Para Hebdige, o Movimento Punk e o Movimento Reggae podem ser considerados
emblemáticos nesse aspecto. Emergindo com mais força a partir de meados da
década de 70 - a despeito das diferenças de comportamento e mesmo de inspiração
para suas crenças; no caso do Movimento Reggae e seu casamento com o
Rastafarianismo, e de suas descrenças; o niilismo apocalíptico punk-, esses
movimentos culturais de juventude bebem de uma mesma fonte de iconoclastia que
conjuga num estilo - roupas e adereços – uma ameaça à ordem instituída e aos
instrumentos que a estruturam, entronizando seus valores num lócus de
hierarquia superior –Estado, Igreja, Polícia, Escola.
Os Punks com
suas jaquetas de couro, braceletes e coturnos, cabelos moicanos e piercings compõem uma bricollage que através de ritmos acelerados,
herdados do rock, desafiam o otimismo de um mundo melhor, cerzindo na alegoria
do exótico, conceitos de contracultura movidos a anfetaminas e sentimentos
explícitos de uma alienação encenada, uma sexualidade perversa e um eu
fragmentado. Nas teias desse desajuste teatralizado nas ruas, bares e
discotecas, a subversão converte-se num solipsismo que expõe o ceticismo
juvenil materializado visualmente.
Num outro pólo,
a música reggae e seus acordes mais lentos e introspectivos - flertes com o
Jazz-, sua filiação a uma África idílica que recusa a submissão e se afirma
como o levante bíblico dos justos que incorporam e interpretam a palavra divina.
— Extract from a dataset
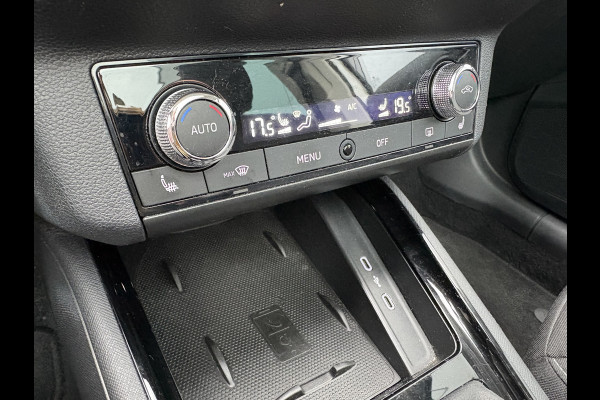 Škoda Kamiq 1.0 TSi 115pk Business Edition PANORAMADAK/VIRTUAL/CAMERA/PDC/19INCH/TREKHAAK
Nesse embate paradoxal de dessacralização e sacralização redentoras, o som de jovens negros, o colorido de suas roupas e o poder da marijuanna deflagram no exílio imposto
por condições matérias adversas, um exílio mais profundo e afirmativo de uma
raça que passa dizer o que quer através, também, da arte.
Entre ambos, o
punk e o reggae, a empatia dos descontentes e uma pluralidade lingüística que
conjuga o visual e o auditivo como re-percussões de uma demanda por
reconhecimento, ainda que seja um reconhecimento propagado com uma voz dissonante.
[i] Resenha
- REDIGBE, Dick: Introdução: Subcultura e Estilo In: The Meaning of Style.
Methuen& Co. Ltd 1979
Um comentário:
Muito bom resumo do livro. Estou lendo o livro pra fomentar minha pesquisa sobre subversão estética através da moda. Sou graduada em Filosofia pela Universidade Federal de São Paulo.
Vocês teriam mais material sobre o tema pra me passar?